Architecture of io-pkt

The io-pkt stack is very similar in architecture to other component subsystems inside of the QNX Neutrino operating system.

At the bottom layer are drivers that provide the mechanism for passing data to, and receiving data from, the hardware. The drivers hook into a multi-threaded layer-2 component (that also provides fast forwarding and bridging capability) that ties them together and provides a unified interface into the layer-3 component, which then handles the individual IP and upper-layer protocol-processing components (TCP and UDP).

In the QNX Neutrino RTOS, a resource manager forms a layer on top of the stack. The resource manager acts as the message-passing intermediary between the stack and user applications. It provides a standardized type of interface involving open(), read(), write(), and ioctl() that uses a message stream to communicate with networking applications. Networking applications written by the user link with the socket library. The socket library converts the message-passing interface exposed by the stack into a standard BSD-style socket layer API, which is the standard for most networking code today.

In addition to the socket-level API, there are also other, programmatic interfaces into the stack that are provided for other protocols—such as Transparent Distributed Processing (TDP, also known as Qnet)— or filtering to occur.

Figure 1. A detailed view of the io-pkt architecture.

At the driver layer, there are interfaces for Ethernet traffic (used by all Ethernet drivers), and an interface into the stack for 802.11 management frames from wireless drivers.
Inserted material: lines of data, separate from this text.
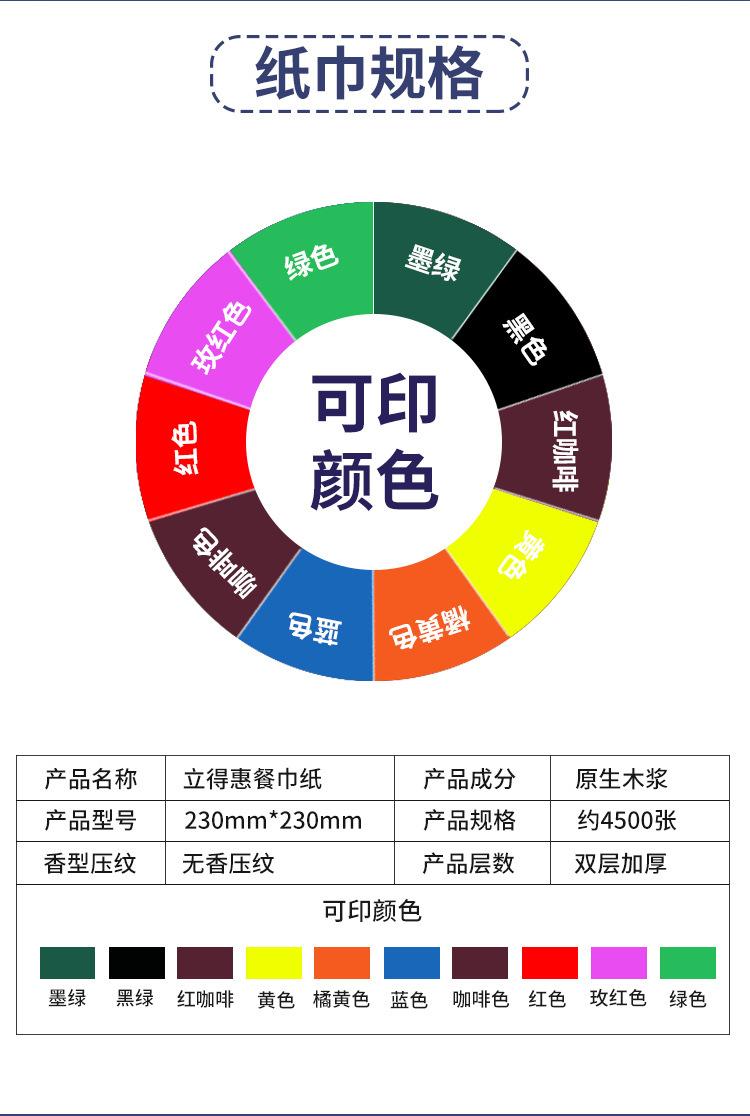 方巾纸详情页_04.jpg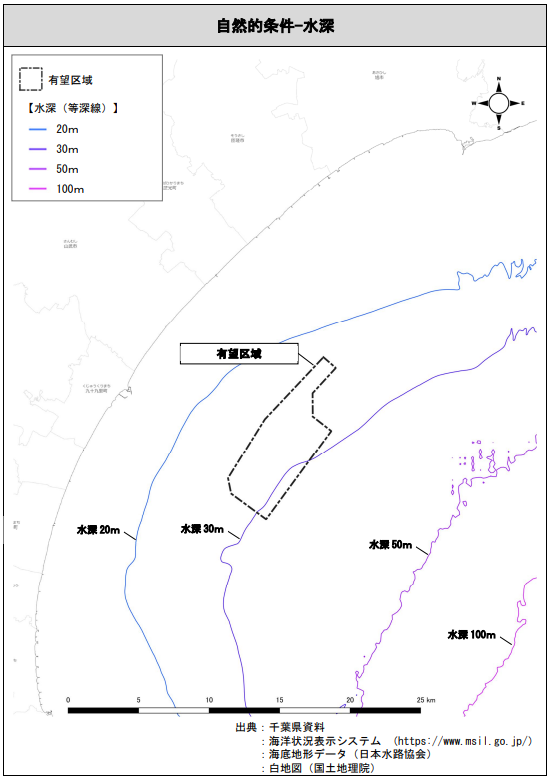Kujukuri Offshore Wind water depth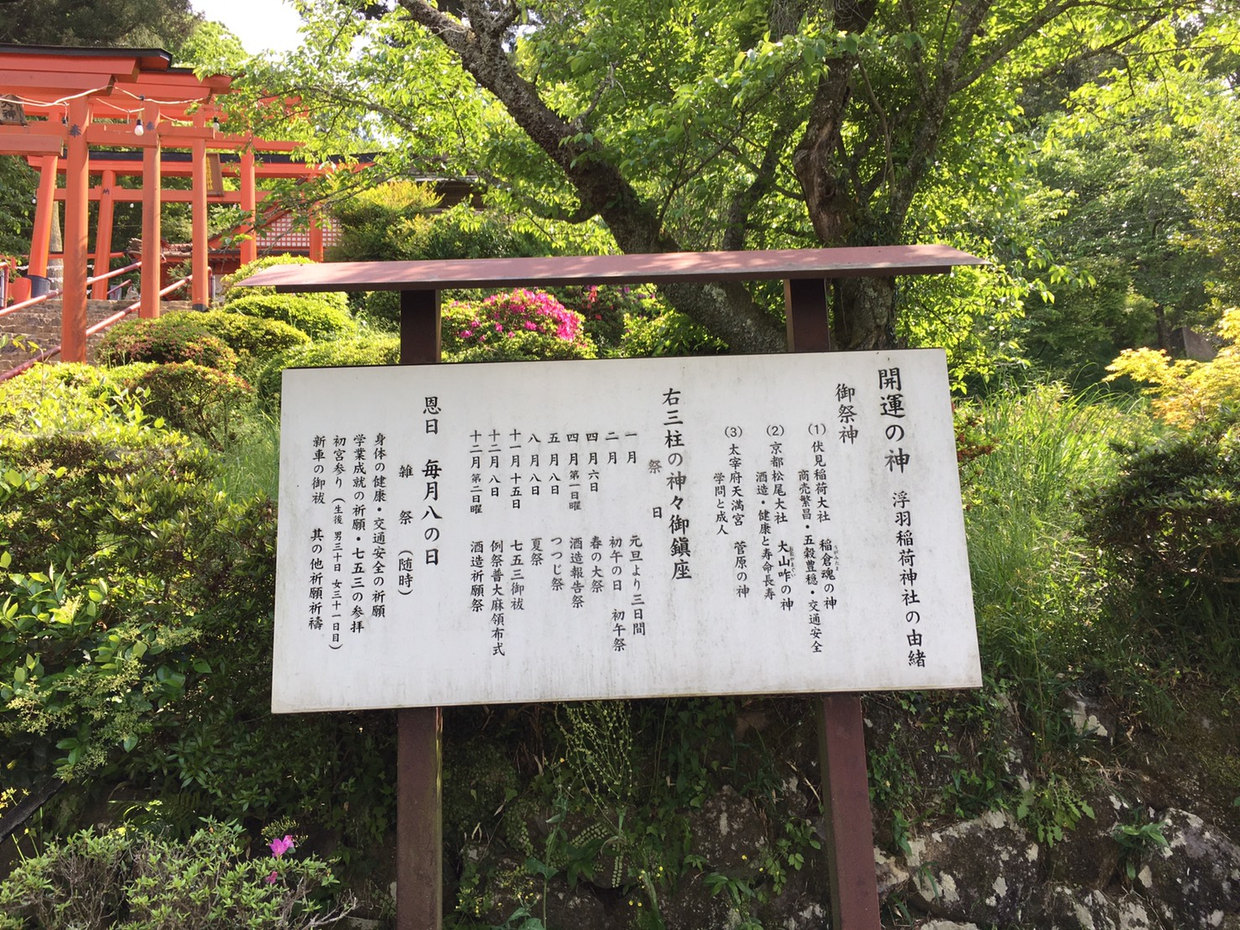 浮羽稲荷神社の境内に設置された神社の由来を紹介する案内板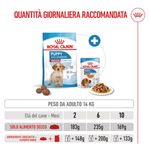 Royal-Canin-Medium-Puppy-Alimento-completo-per-cuccioli-di-taglia-media-Fino-a-12-mesi-di-eta-7.jpg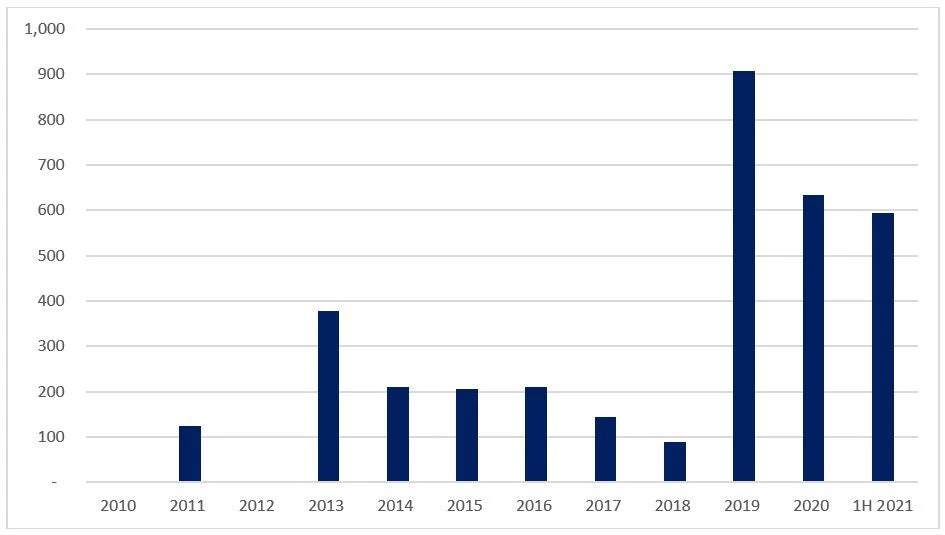 Source: IFC analysis of IJ Global data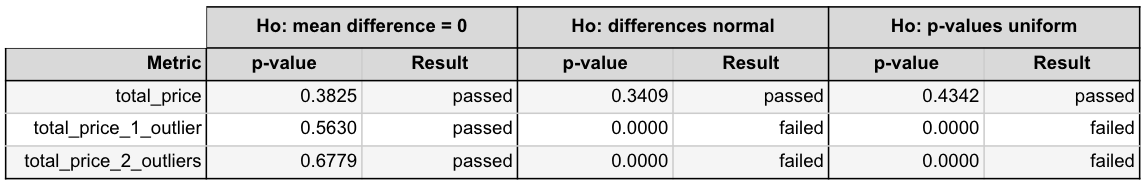 Simulation results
The hc variants of the stack also include a separate hardware crypto API that allows the stack to use a crypto offload engine when it's encrypting or decrypting data for secure links. You can load drivers (built as DLLs for dynamic linking and prefixed with devnp-) into the stack using the -d option to io-pkt.

APIs providing connection into the data flow at either the Ethernet or IP layer allow protocols to coexist within the stack process. Protocols (such as Qnet) are also built as DLLs. A protocol links directly into either the IP or Ethernet layer and runs within the stack context. They're prefixed with lsm (loadable shared module) and you load them into the stack using the -p option. The tcpip protocol (-ptcpip) is a special option that the stack recognizes, but doesn't link a protocol module for (since the IP stack is already present). You still use the -ptcpip option to pass additional parameters to the stack that apply to the IP protocol layer (e.g., -ptcpip prefix=/alt to get the IP stack to register /alt/dev/socket as the name of its resource manager).

A protocol requiring interaction from an application sitting outside of the stack process may include its own resource manager infrastructure (this is what Qnet does) to allow communication and configuration to occur.

In addition to drivers and protocols, the stack also includes hooks for packet filtering. The main interfaces supported for filtering are:

Berkeley Packet Filter (BPF) interface
A socket-level interface that lets you read and write, but not modify or block, packets, and that you access by using a socket interface at the application layer (see http://en.wikipedia.org/wiki/Berkeley_Packet_Filter). This is the interface of choice for basic, raw packet interception and transmission and gives applications outside of the stack process domain access to raw data streams.
Packet Filter (PF) interface
A read/write/modify/block interface that gives complete control over which packets are received by or transmitted from the upper layers.